There's a special kind of awkwardness that only divorced and widowed parents can understand. After starting to date again, you may eventually get serious enough with someone to bring him or her home to meet your children. Whether your kids are 5, 15, or 50, there's a big element of role reversal involved -- suddenly, you flash back to your teenage years, when you first had a date come over to meet your parents. In both cases, the questions are the same: Will they like this person? What will my date think of my family?

The romance of estate planning
When romance clashes with finance, things get even trickier. If two people enter a second marriage with substantially different amounts of money, the disparity can often foster uncertainty and friction between a person's children and the new spouse. Most people in this situation want to protect and provide for both their new spouse and their children, while avoiding hostile disputes and confrontations in the event of their death.

For most people, it's tempting to avoid legal formalities, instead counting on everyone involved to do the right thing when the time comes. This is an admirable sentiment, but it's often not realistic. Even completely moral and ethical people have difficulty wrestling with the give and take involved in the death of a loved one and the subsequent settling of an estate. Especially in marriages where each spouse has children from previous nuptials, the sheer number of family members involved necessarily divides loyalties. In addition, people who appear completely moral and ethical often behave unusually in situations involving money. As the proverb goes, "You never really know someone until you share an inheritance with them."

Nothing says "I love you" like a QTIP trust
For a wealthy family, the decision may also have significant tax consequences. Money left to a spouse can qualify for the marital deduction to the estate tax. But money left to children usually doesn't qualify for any deduction and can be taxed at rates up to 46%. This additional complication actually encourages the spouse and the children to work together; if less money goes to the IRS, more money is available to everyone else involved. However, if money is given to the spouse outright, the children have no assurance that they will ever receive anything from their parent.

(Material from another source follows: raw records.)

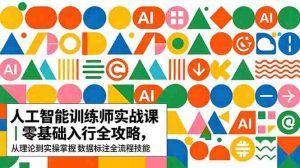 (18632期)AI人工智能 训练师实战课|零基础入行全攻略,从理论到实操掌握数据标注全流程技能-湘创网
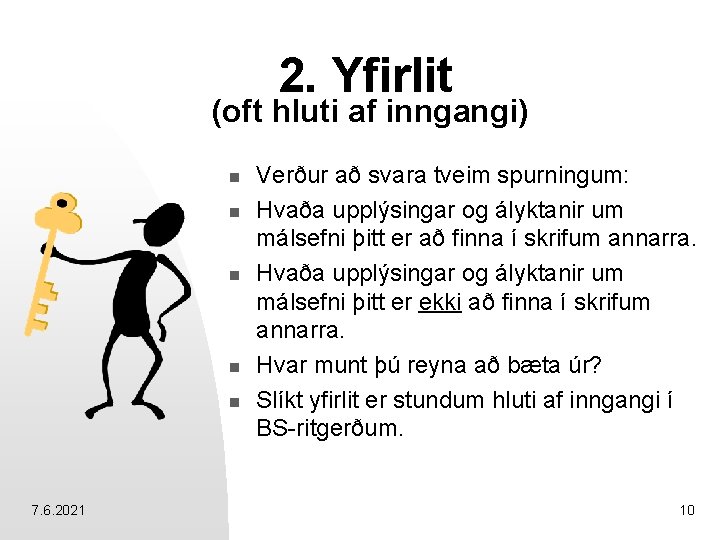 2. Yfirlit (oft hluti af inngangi) n n n 7. 6. 2021 Verður að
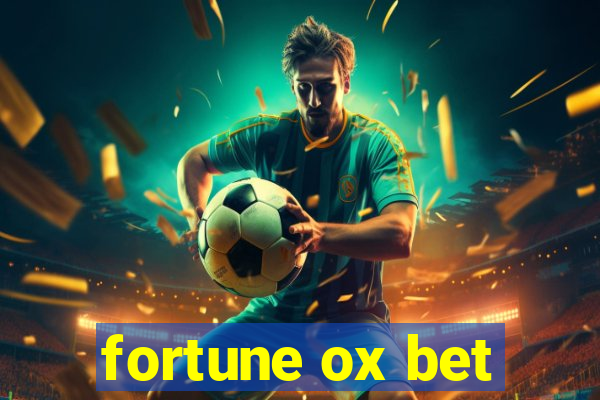 fortune ox bet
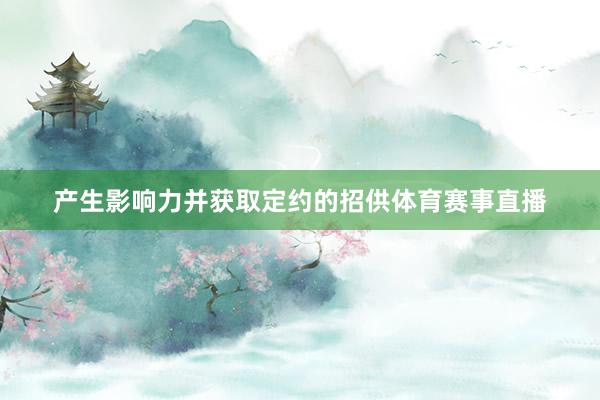 产生影响力并获取定约的招供体育赛事直播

To provide for the spouse but ensure that money will eventually go to the children, one can set up a marital trust to transfer part or all of the assets of the estate upon the person's death. Although the language used in marital trusts can vary widely, a couple of requirements must appear.

First, the spouse must receive at least the entire amount of income generated by trust assets throughout her life. Often, a marital trust will also give the spouse the right to receive principal distributions from the trust for certain reasons, commonly defined by the ascertainable standards of health, education, maintenance, and support. However, there is no requirement that the trust allow for such principal distributions.

Second, the trust must not contain any provision that takes away the trust assets during the spouse's lifetime. In some cases, the spouse is actually given the right to choose who will receive the trust assets after the spouse's death, although it is not required that the trust do so. Another option, called a special power of appointment, gives the spouse the right to direct trust assets to any or all of a number of particular people named in the document. For example, the spouse may have the right to have trust assets go to any or all of the children or their families, but not to the spouse's children or anyone else. This ensures that the spouse cannot divert trust assets to his or her own family.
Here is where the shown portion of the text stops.